Uma das principais conquistas do Temático, segundo Blasis, foi a realização de mais de cem datações, o que permitiu detalhar o mapa do desenvolvimento das sociedades sambaquianas e a construção de uma “supercronologia regional”.

Para realizar esse trabalho foi necessária a coordenação de uma equipe de geólogos, bioantropólogos, geofísicos e arqueólogos, entre outros profissionais. De modo a redesenhar as características geológicas e climáticas da época, foi necessário o auxílio da paleoclimatologia.

“Essa especialidade diz sobre as oscilações do nível do mar, se há vestígios de mangue, se o ambiente era mais frio em relação ao clima de hoje ou se o solo era mais salgado comparado ao atual, entre outras informações”, exemplificou Blasis.

A equipe de pesquisa escolheu o Estado de Santa Catarina por ser o local onde se encontram os maiores sambaquis remanescentes. “O litoral brasileiro tinha sambaquis de cerca de 70 metros de altura, inclusive na Baixada Santista, mas a maioria foi destruída”, contou o pesquisador.

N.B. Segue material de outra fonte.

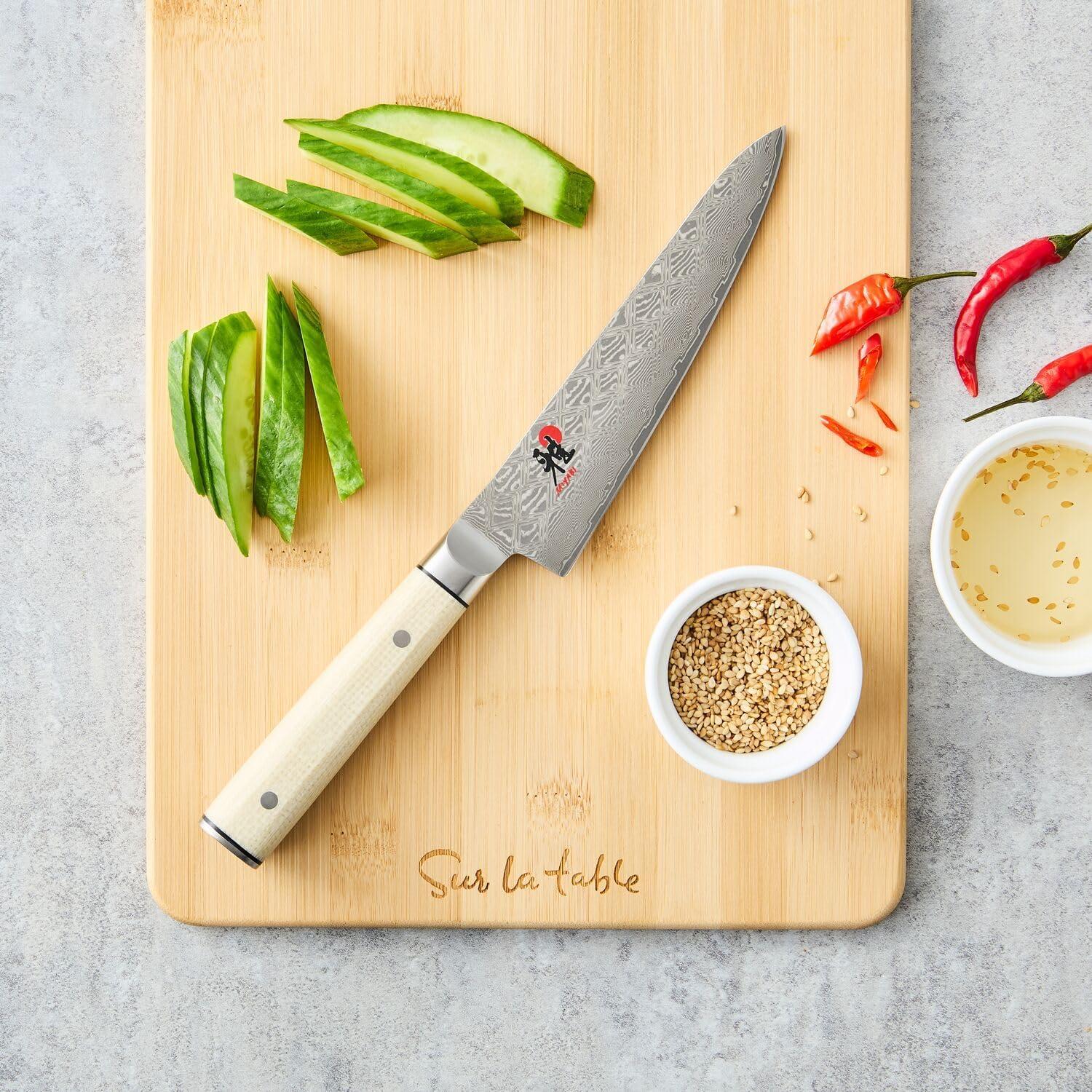 Sur La Table Bamboo Cutting Board Set – 2-Piece Chopping Boards with Handles, Water-Resistant & Warp-Resistant, Includes Large 15″ x 11″ and Small 13″ x 8.5″ Boards - view 2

Ao lado do óleo de baleia, a cal extraída dos sambaquis serviu de matéria-prima para a construção civil entre os séculos 17 e 19. E os montes continuaram a ser degradados pela ação humana até a década de 1970, segundo Blasis.

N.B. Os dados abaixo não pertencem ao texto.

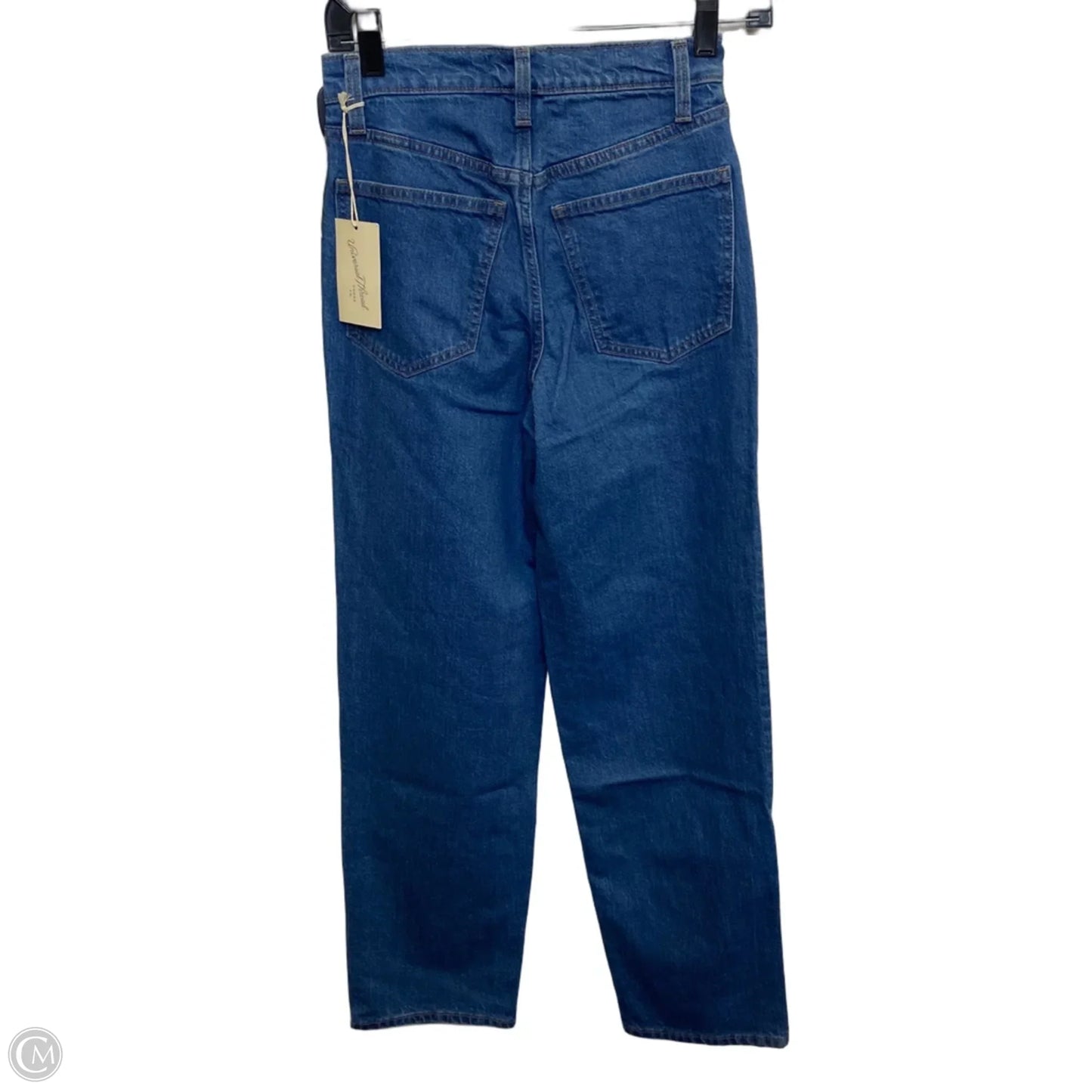 Jeans Straight By Universal Thread In Blue Denim, Size: Xxs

O estudo ainda apontou que o desaparecimento das comunidades deve ter ocorrido de forma pacífica. “Nos ossos encontrados não há sinais de mortes violentas, o que sugere que os sambaquienses podem ter desaparecido de forma pacífica ao se miscigenar com outros grupos”, sugeriu.

De acordo com Blasis, os resultados levantados serão organizados em um livro, de modo a sistematizar e organizar a grande quantidade de informações coletadas. A pesquisa ainda gerou dez trabalhos de mestrado e doutorado em diversas disciplinas envolvidas no projeto.